■ The records ■
══════════

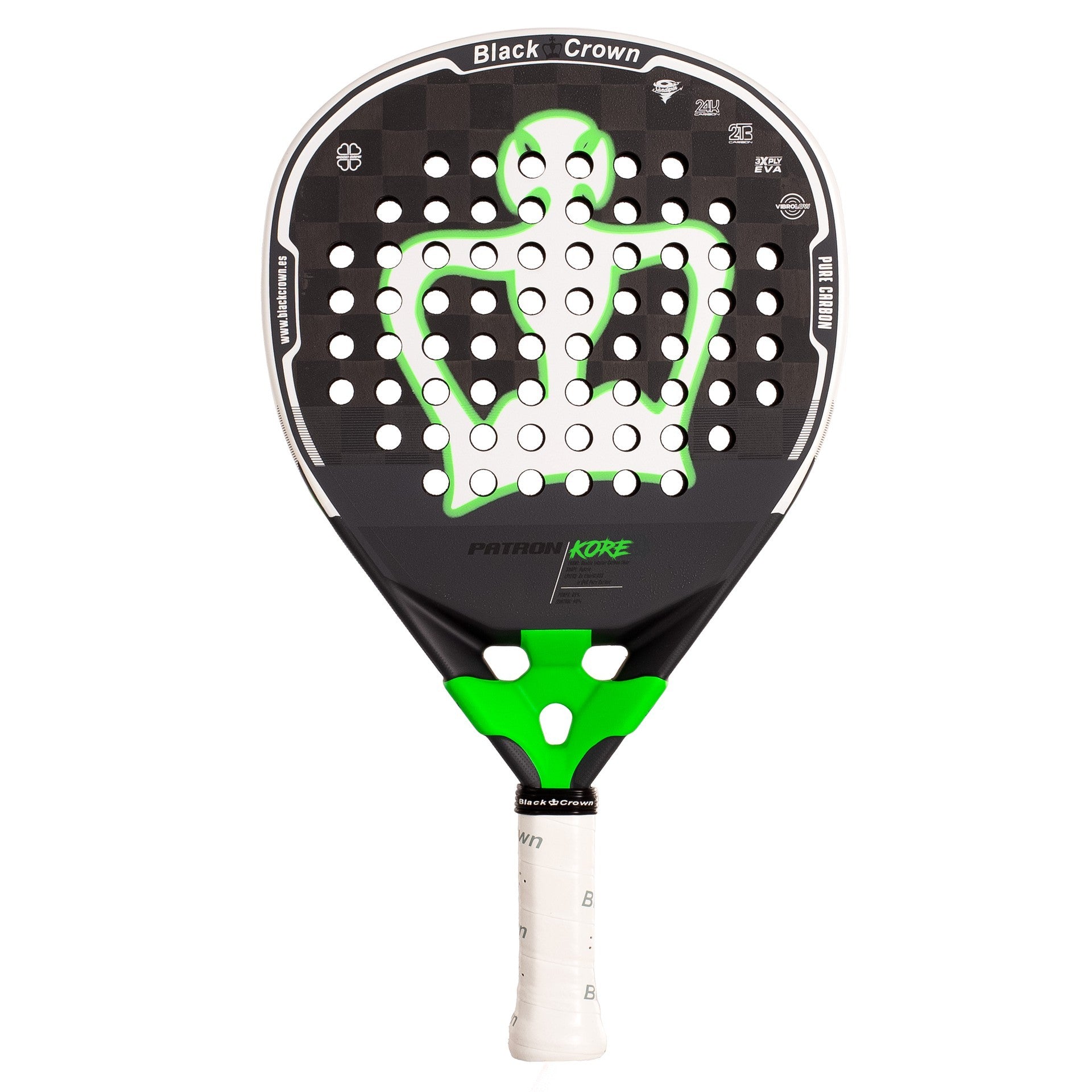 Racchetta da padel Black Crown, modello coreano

══════════

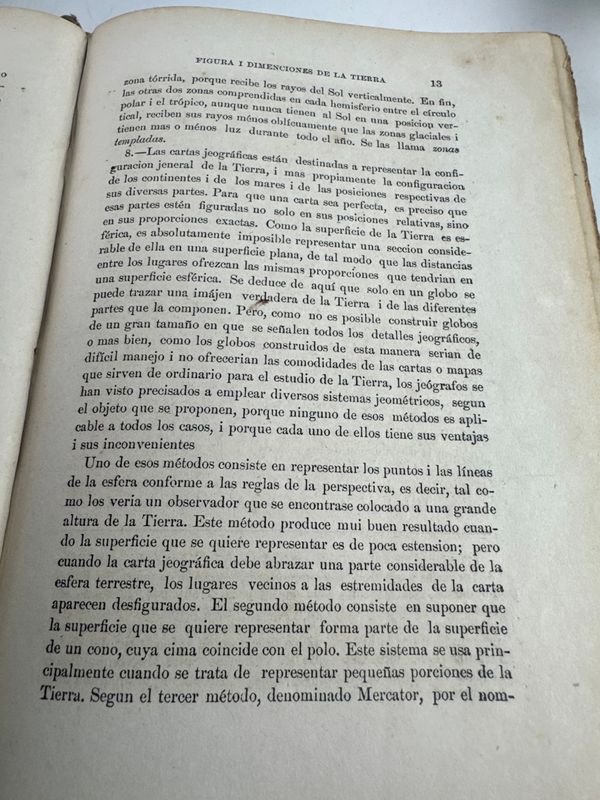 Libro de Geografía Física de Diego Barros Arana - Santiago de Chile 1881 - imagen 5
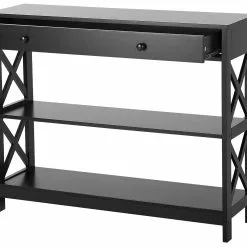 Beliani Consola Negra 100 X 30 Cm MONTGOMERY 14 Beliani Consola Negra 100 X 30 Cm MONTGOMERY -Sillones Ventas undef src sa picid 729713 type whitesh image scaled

══════════

Pictures excluded, reproduce only the part above that opens with the line holding "Libro de Geografía" and closes with the line holding "Beliani Consola Negra 100 X 30 Cm MONTGOMERY 14", exactly as written.

 Libro de Geografía Física de Diego Barros Arana - Santiago de Chile 1881 - imagen 5
 Beliani Consola Negra 100 X 30 Cm MONTGOMERY 14 Beliani Consola Negra 100 X 30 Cm MONTGOMERY -Sillones Ventas undef src sa picid 729713 type whitesh image scaled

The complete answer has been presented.